My love/hate relationship with Winnipeg transit

On most days that I take the bus it’s a wonderful, fantastic, superlative experience where I get to relax, listen to music and maybe catch up on some reading. Whenever the bus ride is good, it’s great, never just okay. On the other hand, I never seem to have bus rides that are just a little frustrating or just a tad inconvenient. My relationship with the transit system is thus: whenever it’s good, it’s amazing; whenever it’s bad, it’s fucking terrible.

So the other day, on my afternoon trip to work, when things went bad, things went real bad.
First off, I’ll admit the first mistake of the day was mine. I was mere minutes away from catching my first of two buses that would get me from South Osborne to the University of Manitoba campus. Like a bat out of hell I burst through the front door of my building and ran full speed to the end of my street. Huffing, I waited there until I finally realized that I had run the wrong way. The bus I wanted actually stopped at the other end of my street. Hamburgers!
I ran back to my building, hauled ass up to my floor and checked the city’s Navigo system for the remaining options I had left with about 50 minutes to go before I was supposed to start work. Somehow all the stars aligned in such a way that at that moment the only way I could get from my building to my work in the span of exactly 50 minutes — a distance just over 6 kilometres — was to take a set of three different buses.

So there I was waiting for my (second) first bus, which came about seven minutes behind schedule. That didn’t cause me too much alarm. After travelling about four blocks, however, we were stuck in standstill traffic; no one was going anywhere. I eventually arrived at the stop for my second bus about 23 minutes late. So late, in fact, that my transfer bus had already cycled through and I was able to catch the second or third one going by that stop.

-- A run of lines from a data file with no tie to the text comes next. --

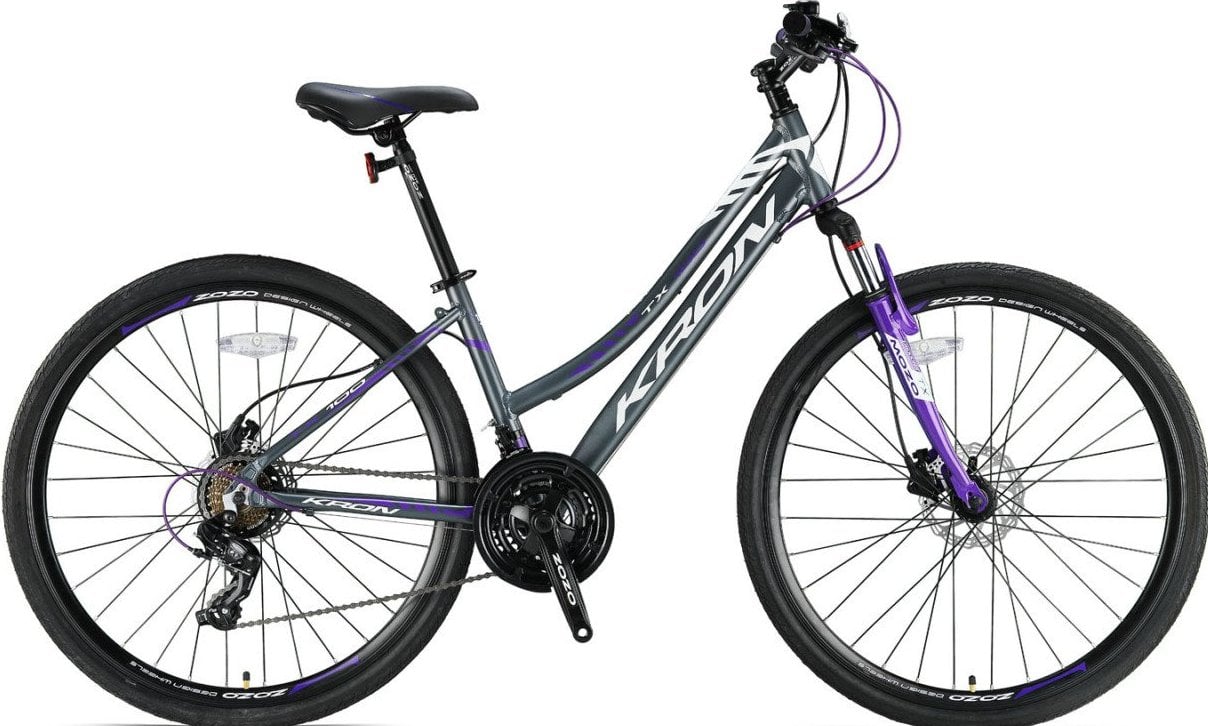 Kron TX75 Lady 28 Jant Trekking Bisiklet Mat Füme Mor Gri 38 cm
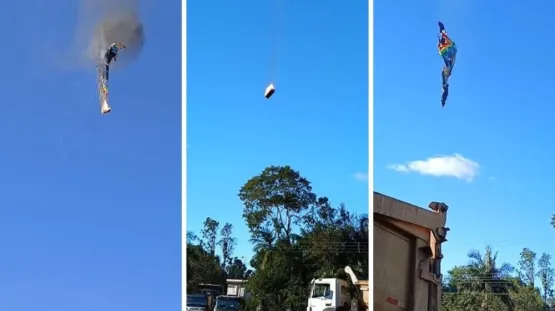 Balão pega fogo no ar e cai, pelo menos 8 morreram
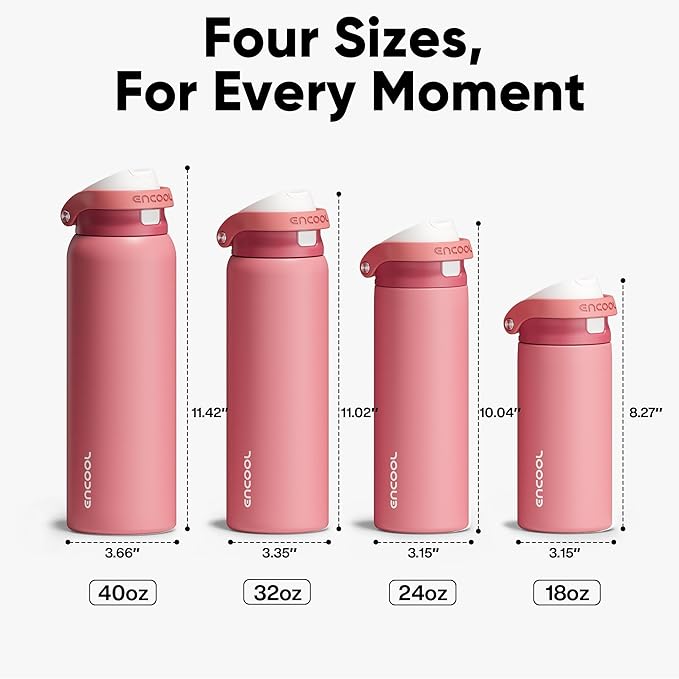 ENCOOL Leakproof Insulated Water Bottle with Straw Dual-Sip Water Bottle Bag-Safe Design for Work, Commute & Gym – Keeps Drinks Cold All Day, 32 oz, Vermilion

At that point I thought maybe my luck had finally turned. I was riding high until a handful of blocks later my second bus stopped for what I’m convinced was about 100 students, maybe 200 — who knows these things? This God damned bus got so packed it must have looked like the inside of a clown car. Sardines in a tin is an understatement.

Most of our city’s new buses come equipped with a speaker set that belts out the street names and alerts passengers of stops, but for whatever reason this bus’s speaker system left its mortal coil ages ago. After several minutes the crowd was too much for me, I dinged the bell and crowd surfed my way to the doors. I stepped off the bus only to realize I’d somehow gone too far, passed the university entrance and completely missed my second transfer.

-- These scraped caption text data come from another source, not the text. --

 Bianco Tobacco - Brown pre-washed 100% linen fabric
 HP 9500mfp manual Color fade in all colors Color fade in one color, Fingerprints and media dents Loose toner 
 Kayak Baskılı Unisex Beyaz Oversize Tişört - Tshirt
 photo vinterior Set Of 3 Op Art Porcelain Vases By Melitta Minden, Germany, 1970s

From that point on, my only faint glimmer of hope was the outline of the U of M Administration Building striking a silhouette in the distant horizon. I was nothing if not determined, though. I didn’t care how long it took; I could see the campus buildings so I was going to make it there by foot. I put my head down and plowed onward, never once looking back at the pain-filled path of destruction that had led me to that point.

After 25 minutes of walking my legs finally gave out and I began to crawl. It was a brisk day but the sun was beating down on me like a magnifying glass. My clothes tattered and my strength of will barely intact, I finally dragged myself across University Crescent and through campus. I was thirty minutes late for work but by God I had made it. I’d tried to catch four different buses and somehow ended up spending just as much time trekking by foot, wandering the streets of Winnipeg.

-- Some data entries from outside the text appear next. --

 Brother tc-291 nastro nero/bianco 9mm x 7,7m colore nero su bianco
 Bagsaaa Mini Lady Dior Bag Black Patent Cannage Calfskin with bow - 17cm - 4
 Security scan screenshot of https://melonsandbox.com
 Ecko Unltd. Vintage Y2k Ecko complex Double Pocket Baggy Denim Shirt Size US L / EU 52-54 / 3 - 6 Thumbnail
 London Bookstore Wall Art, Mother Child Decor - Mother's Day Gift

I was happy to have stared directly into the face of oblivion and survived to tell the tale but the whole journey still reminds me how frustrating the Winnipeg Transit system can be when things go awry. In a way, the whole experience can be diluted into one short conversation I had while on my adventure.

Moments after I had disembarked from my second bus, I tried one last desperate attempt to catch my elusive third bus. I took out my phone and dialed the transit number posted on the bus stop where I was standing.

“Please enter or say the five digit stop number now,” said the robot voice on the other end of the call.

I entered the number.

“You have entered an invalid number. Please enter or say the five digit stop number now.”

I said the number aloud.

“I did not hear your response.”
I said it again.

“ . . . I did not hear your response.”